I would like every record reproduced exactly, with the pictures left out.

◆ ◆ ◆ ◆ ◆

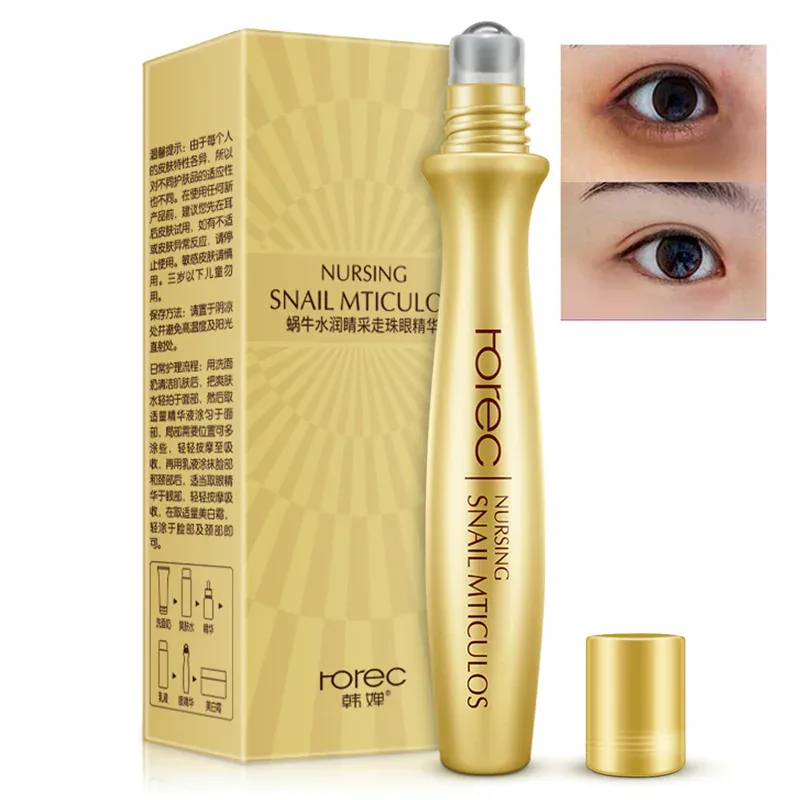 Snail Mucin Nourishing Cream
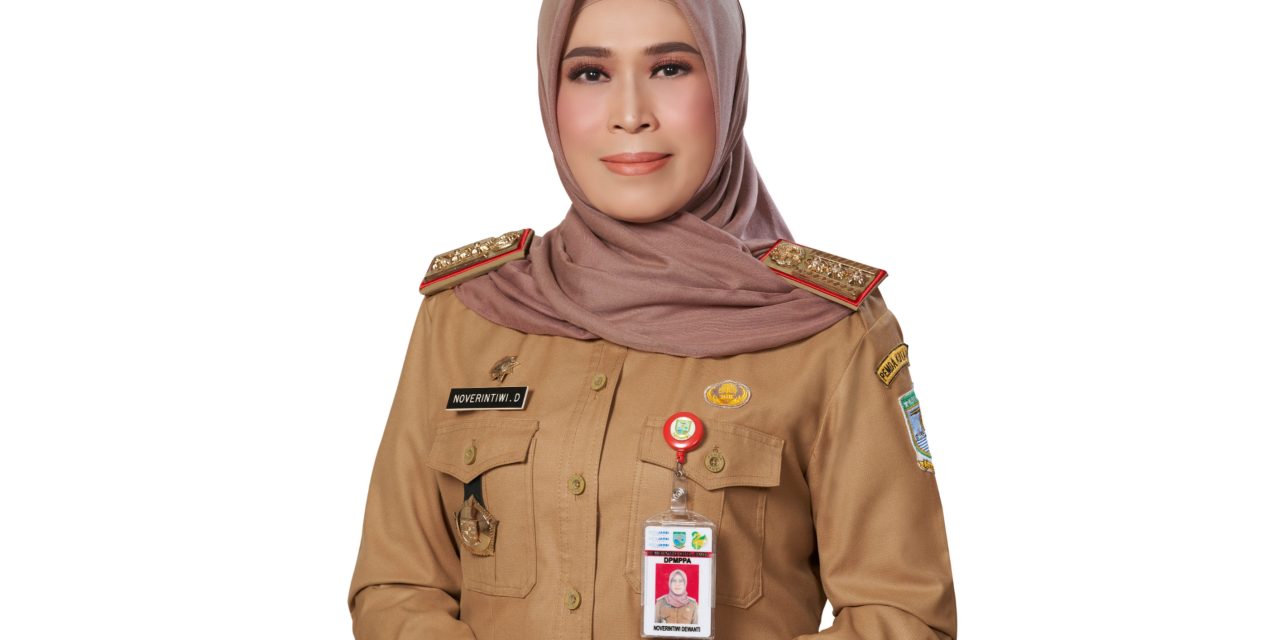 DPMPPA Kota Jambi Turun Tangan, Kasus Bullying Di SMP 5 Jadi Alarm Keras Dunia Pendidikan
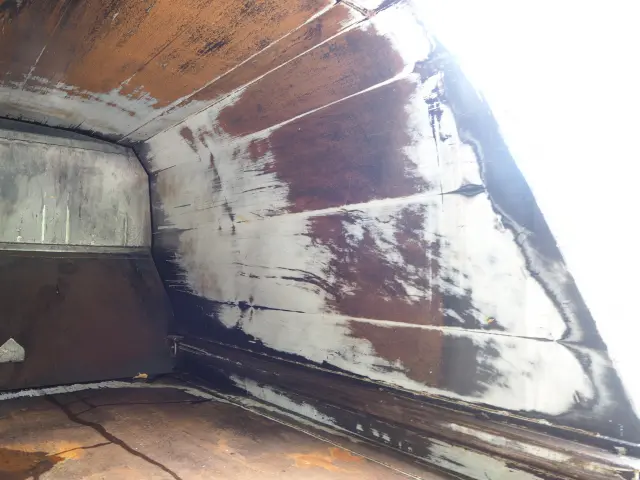 日野 レンジャー BKG-FC7JGYA(2WD)の写真15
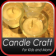 Candle Craft for kids and mom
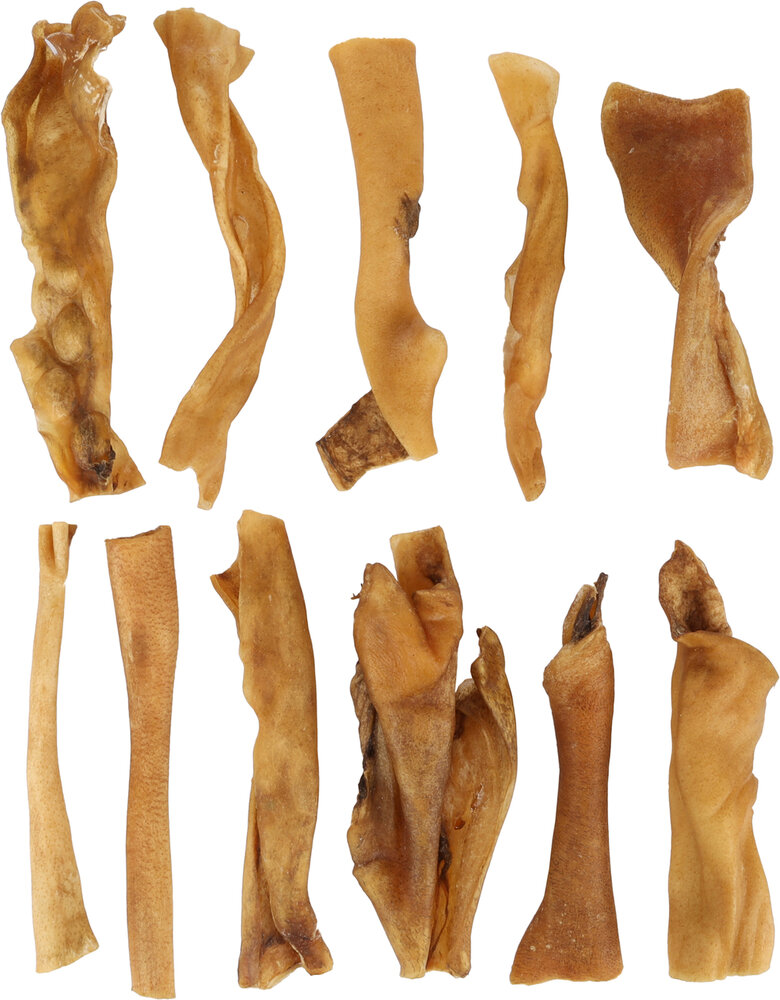 Snack Nature Buffelhoofdhuid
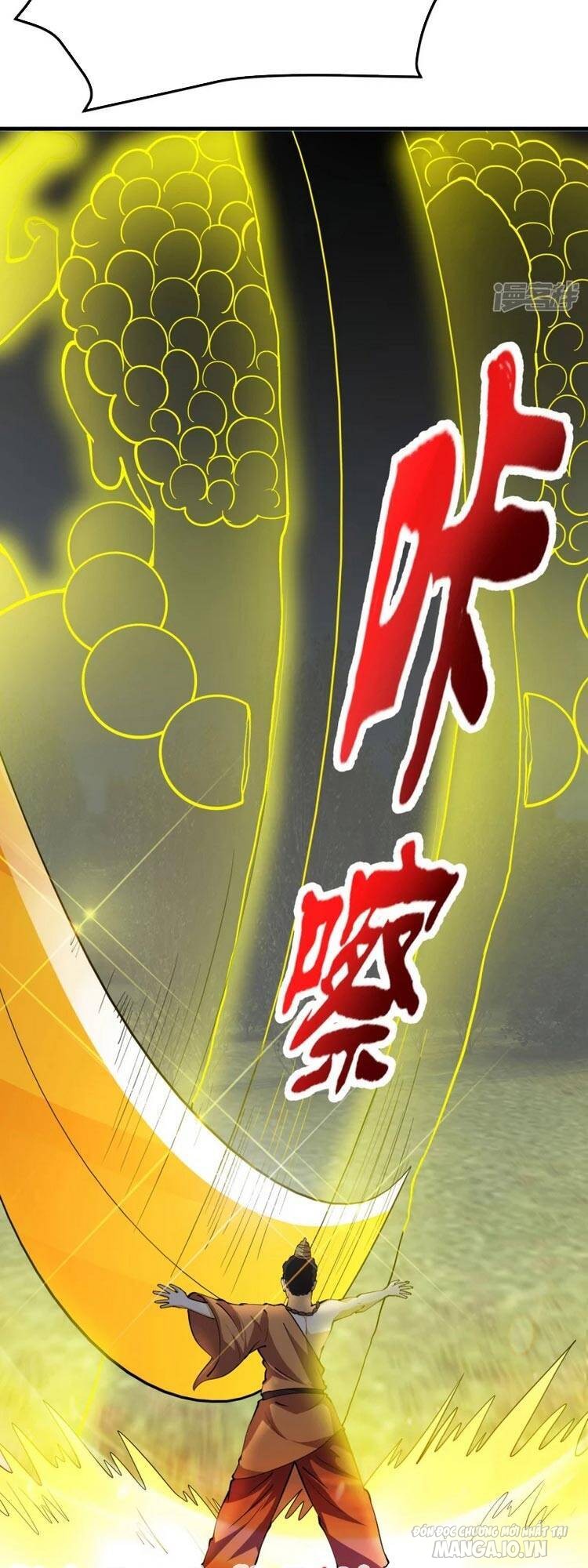 Siêu Cấp Thần Y Tại Đô Thị Chapter 186 - Trang 2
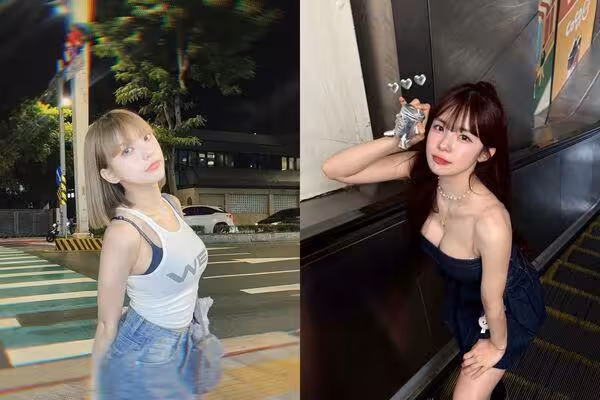 李芷霖遭爆「私下狂罵李多慧」對話流出 她4重點澄清:完全不認識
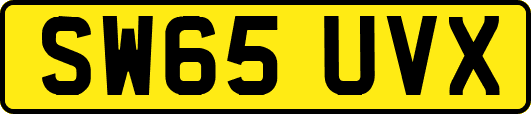 SW65UVX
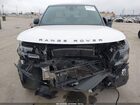 2024 Land Rover Range Rover P400 Se White vin: SALKP9FU3RA099013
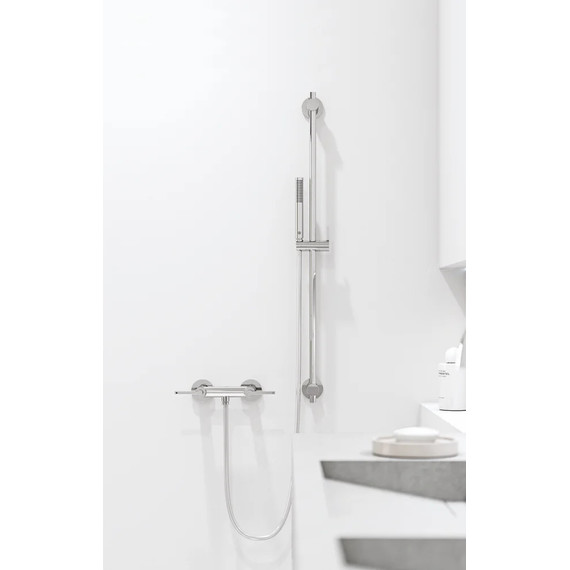 Смеситель для душа Kludi Nova Fonte Puristic 207100515 фото 2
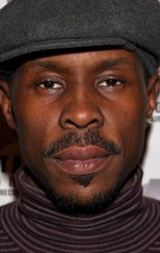 Вуд Харрис (Wood Harris) Вуд Харрис (Wood Harris)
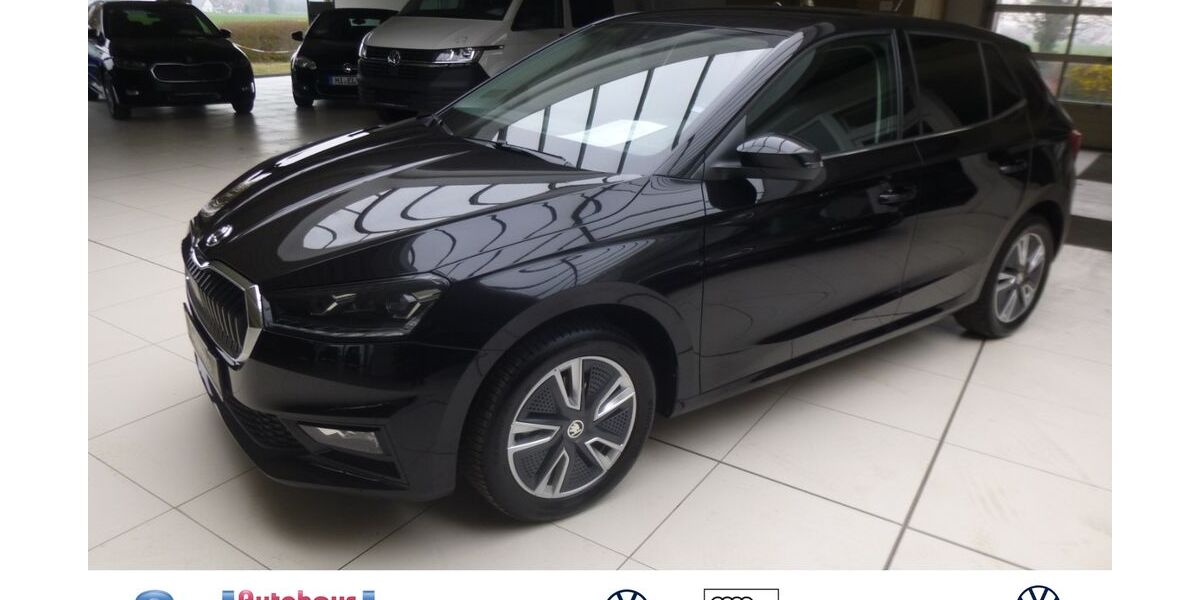 Skoda Fabia 16.900 km 20.990 &euro; Lübbecke 32312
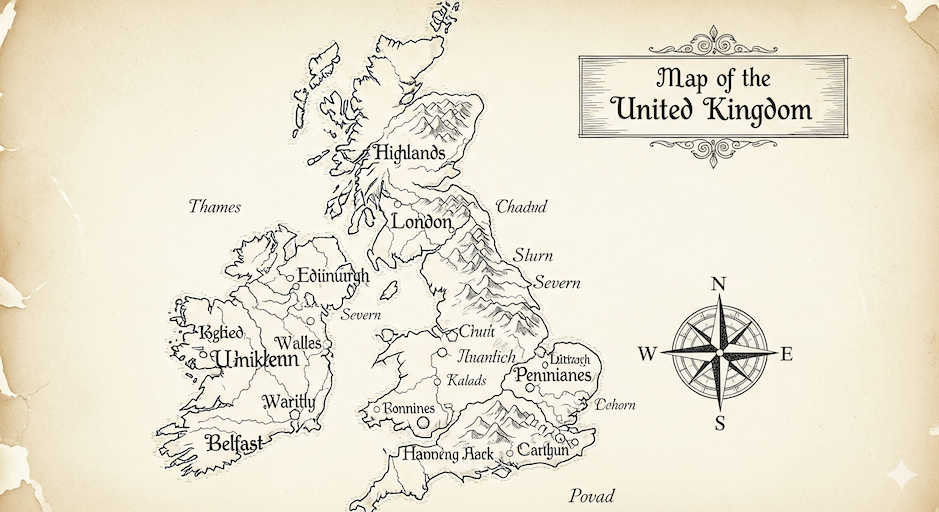 London Awaits — History, Culture & Endless Adventure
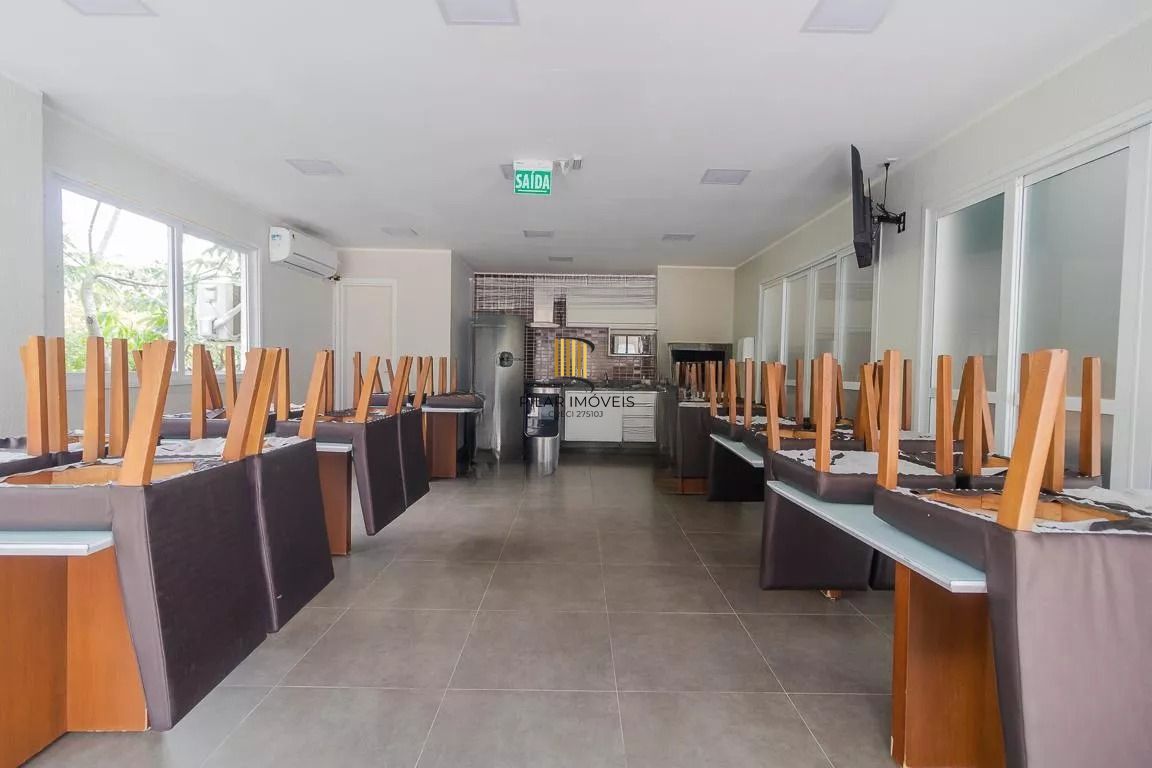 Apartamento à venda com 2 quartos 49 m²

◆ ◆ ◆ ◆ ◆

### Result below
 Snail Mucin Nourishing Cream
 DPMPPA Kota Jambi Turun Tangan, Kasus Bullying Di SMP 5 Jadi Alarm Keras Dunia Pendidikan
 日野 レンジャー BKG-FC7JGYA(2WD)の写真15
 Candle Craft for kids and mom
 Snack Nature Buffelhoofdhuid
 Siêu Cấp Thần Y Tại Đô Thị Chapter 186 - Trang 2
 李芷霖遭爆「私下狂罵李多慧」對話流出 她4重點澄清:完全不認識
 SW65UVX
 2024 Land Rover Range Rover P400 Se White vin: SALKP9FU3RA099013
 Смеситель для душа Kludi Nova Fonte Puristic 207100515 фото 2
 Вуд Харрис (Wood Harris) Вуд Харрис (Wood Harris)
 Skoda Fabia 16.900 km 20.990 &euro; Lübbecke 32312
 London Awaits — History, Culture & Endless Adventure
 Apartamento à venda com 2 quartos 49 m²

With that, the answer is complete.